Tenho certeza que se eu fizesse tal pergunta eu acharia a resposta dentro de mim mesmo e esta não seria tão boa de ouvir. Ergo do gramado e fito o volume na minha frente, abro com cautela a capa e vejo minha vida.
As injúrias na escola, a separação de meus pais, a falta de amor de minha mãe, a morte de meu pai... Está tudo lá, em detalhes com letras perfeitas para que ninguém tenha dúvida de quão sofrida foi a vida de Olive Green. Da falta de amigos na escola onde todos caçoavam de mim, até os problemas mais recentes com dívidas e falta de amor por mim mesmo.
A respiração fica pesada, o ar caudaloso e meus sentidos torpes. Será que não consigo encontrar a alegria nestas tristes páginas? Algo me ocorre. Talvez nos capítulos finais eu possa ver o que me tornei, afinal a adversidade é a mãe dos sucedidos. Um sorriso bobo brota de meu rosto enquanto procuro o capítulo final de minha tragédia, quando eu o acho o livro me suga para dentro de suas páginas.
Abro meus olhos com calma e vejo que o cenário mudou. As nuvens cinzas preenchem o espaço dando um ar soturno a tudo. A grama já não é tão viva e onde estou nem tão aprazível. É um cemitério. Em meio às lápides dois coveiros trabalham em um túmulo recém aberto, ao lado deles um caixão pobre espera por sua última morada. A tristeza da situação sem parentes ou amigos me compadece de prestar o último adeus ao indigente sendo enterrado.
Aproximo dos trabalhadores e estes nem notam minha presença. Procuro a lápide para saber o nome do morto e encontro meu terror: “Aqui jaz Olive Green. Encontrou na garrafa sua melhor companhia”.
Não consigo sentir as pontas de meus dedos. Minhas pernas tremem involuntariamente. Aproximo do ataúde que marca meu fim e abro a tampa. Sou eu. Um pouco mais velho, com alguns grisalhos e pouco cabelo no topo da cabeça. Visto um terno escuro com uma gravata verde, em minha mãos seguro uma garrafa de absinto. Choro a angústia de saber que D'us não poderia permitir que alguém participasse de seu próprio enterro. Agarro meu cadáver pelo colarinho e bato fortemente sua cabeça contra o esquife de madeira gritando a dor de estar morto.
O cadáver abre os olhos.
Levanto assustado e começo a andar de costas tentando fugir da situação que eu criara, o eu-defunto se levanta também e segue em minha direção com um sorriso macabro me oferecendo um gole de seu absinto.

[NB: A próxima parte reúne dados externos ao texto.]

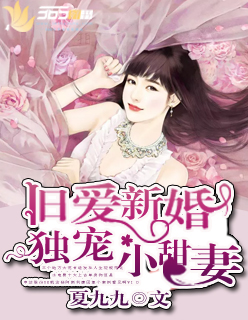 八妻子在线观看高清视频
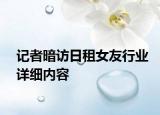 記者暗訪日租女友行業(yè)詳細(xì)內(nèi)容
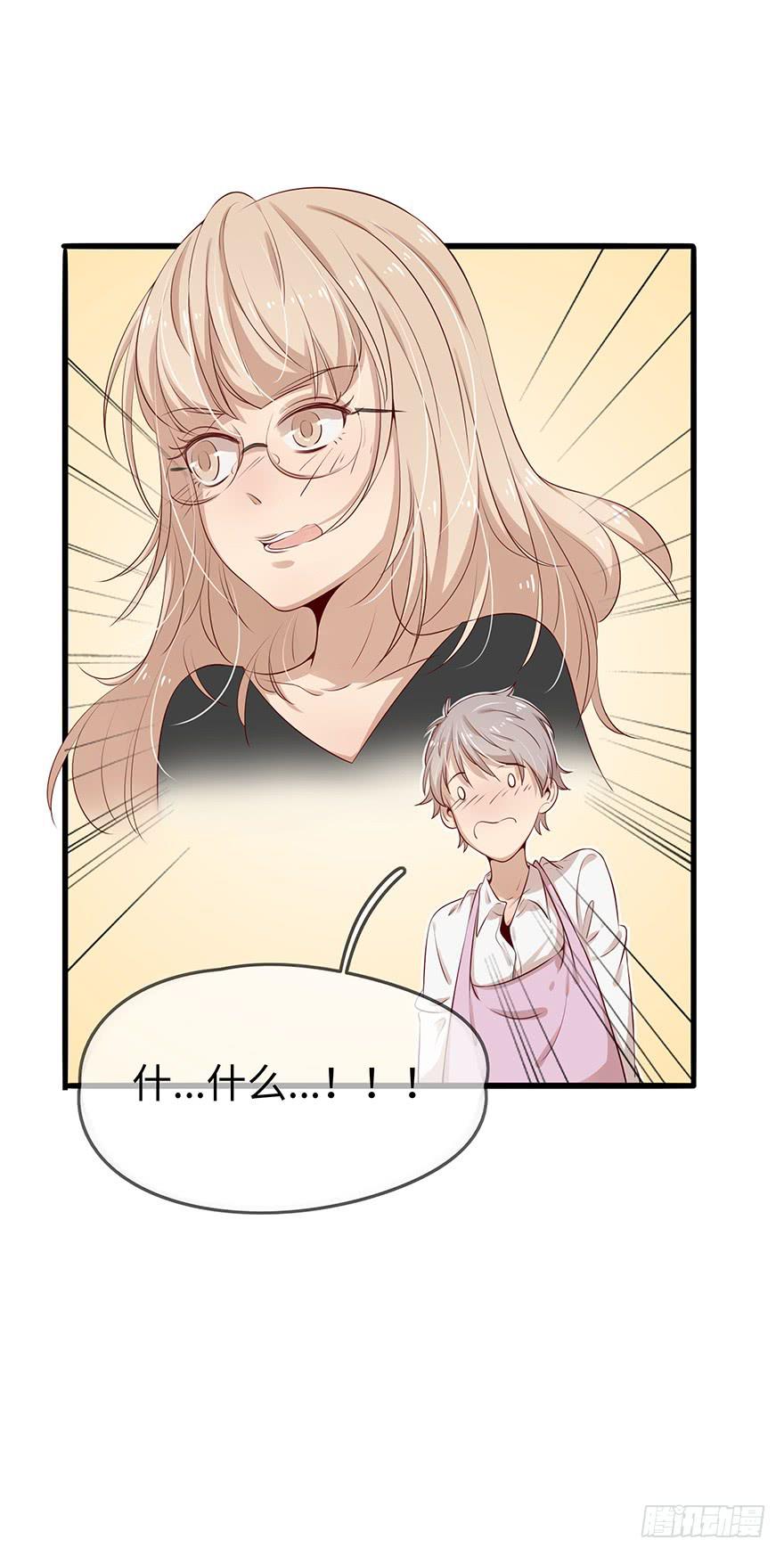 《总裁大人少女心》解决办法？！ 第24页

Não vejo uma cova aberta atrás de mim e acabo caindo dentro de um caixão vazio. O eu-morto aparece logo em seguida e joga a garrafa sobre mim, logo em seguida fecha o ataúde com pesados pregos. Eu não reajo. Conformo-me com minha morte e o som de terra que bate contra o esquife me embala no meu sono eterno.
…
Acordo com dores fortes no corpo. Olho para os lados procurando saber onde estou. Vejo meu cachimbo ainda aceso sobre meu criado-mudo e uma garrafa de absinto em minhas mãos. Jogo longe o vasilhame enquanto ainda trôpego me dirijo até minha salvadora Olivetti.